Cuando estudiaba bachillerato creía que los adultos lo comprendían y lo podían todo ante tal perspectiva mis ganas de hacerme mayor fueron siempre en aumento. Como imaginarán, no tardé demasiado tiempo en hacerme cargo de mi error. Por entonces pensaba que la vida era la maestra -más dislates aunque dislates trenzados-; hoy en cambio creo que no, que la vida es discípula, que Wilde tenía razón al decir que es la vida la que imita al arte y no a la inversa. Interpreto a Wilde convencida de que en arte incluía el pensamiento en todas sus expresiones, contenida por supuesto la artística, de modo que la vida es la que sigue al pensamiento y no al revés. Creamos modelos, sistemas, explicaciones, prototipos, utopías… ensalzamos y hundimos a través de la palabra y después, quien más y quien menos, consciente o inocentemente, traslada a sus respectivas vidas lo que otros han conseguido crear bien sea a través del arte y las formas, bien de ideas «puras», lo que incluye por igual a las bienintencionadas y las perversas.

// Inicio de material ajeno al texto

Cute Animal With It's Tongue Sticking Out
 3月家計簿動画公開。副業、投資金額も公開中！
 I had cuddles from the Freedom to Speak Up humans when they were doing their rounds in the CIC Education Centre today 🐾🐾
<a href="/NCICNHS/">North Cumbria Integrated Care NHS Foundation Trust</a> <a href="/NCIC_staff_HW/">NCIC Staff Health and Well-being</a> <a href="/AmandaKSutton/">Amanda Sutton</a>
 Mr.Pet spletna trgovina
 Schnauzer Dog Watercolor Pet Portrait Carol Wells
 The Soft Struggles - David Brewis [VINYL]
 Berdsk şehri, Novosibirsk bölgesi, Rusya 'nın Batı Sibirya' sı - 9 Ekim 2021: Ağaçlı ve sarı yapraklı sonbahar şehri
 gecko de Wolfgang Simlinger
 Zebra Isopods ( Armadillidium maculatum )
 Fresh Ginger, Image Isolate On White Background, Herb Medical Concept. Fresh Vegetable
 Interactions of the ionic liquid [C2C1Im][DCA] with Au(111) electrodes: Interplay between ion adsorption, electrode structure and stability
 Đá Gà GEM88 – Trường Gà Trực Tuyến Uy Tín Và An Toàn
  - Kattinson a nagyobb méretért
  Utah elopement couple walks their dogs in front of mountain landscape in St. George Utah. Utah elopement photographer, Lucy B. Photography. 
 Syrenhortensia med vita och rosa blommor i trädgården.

Así entre unas cosas y otras, se llega a un punto en el que comprender se vuelve la mejor de las opciones: comprender por qué los adultos carecen del poder que les atribuíamos cuando éramos pequeños, comprender por qué toda forma de vida y libertad halla acomodo en las teorías más disparatadas que se nos pueda ocurrir consiguiendo con ello un halo de legitimidad (y con ella de innegable aceptación y acogida).

Dicho de otro modo entender por qué el «todo vale» cobra cada día más fuerza entre nosotros. Bien sabido que la recomendación y exhorto de comprender no es en modo alguno privativo de nuestro tiempo. Allá por 1677 Spinoza, con su prístina claridad, ya aconsejaba la del comprender como la mejor vía -si no la única- vía para la vida: «No reírse, no burlarse ni detestar sino comprender». Claro que a día de hoy el problema de comprender se topa con dificultades con las que el tiempo de Spinoza no había de bregar (aunque seguro que por aquel entonces ellos tenían las suyas, no del todo coincidentes con las nuestras).

Estoy pensando, por ejemplo, en la aceleración con la que casi todos nos vemos forzados a vivir nuestras vidas, una aceleración a la que filósofos como Hartmut Rosa han calificado como «esencial» en nuestro modus vivendi. Comprender requiere, además de la disposición y la voluntad para ello, reservar un tiempo libre, libre del estrés que sin avisar ni anunciarlo se ha hecho el señor de nuestras vidas, libre de la presión de la infoxicación, libre de las posverdades y sus parientes las posmentiras, libre de panegíricos y manipulaciones.

Porque se me hace difícil de soportar el ver reducidas nuestras vidas a plebiscitos diarios llevados por redes sociales y ciertos medios de comunicación, porque convertirse en rebaño no se parece en nada a aquello que yo imaginaba camino de mis clases en bachillerato cuando ya quería ser mayor para poder ser más libre y aún no sabía que el camino a la libertad es el mismo que el de la comprensión.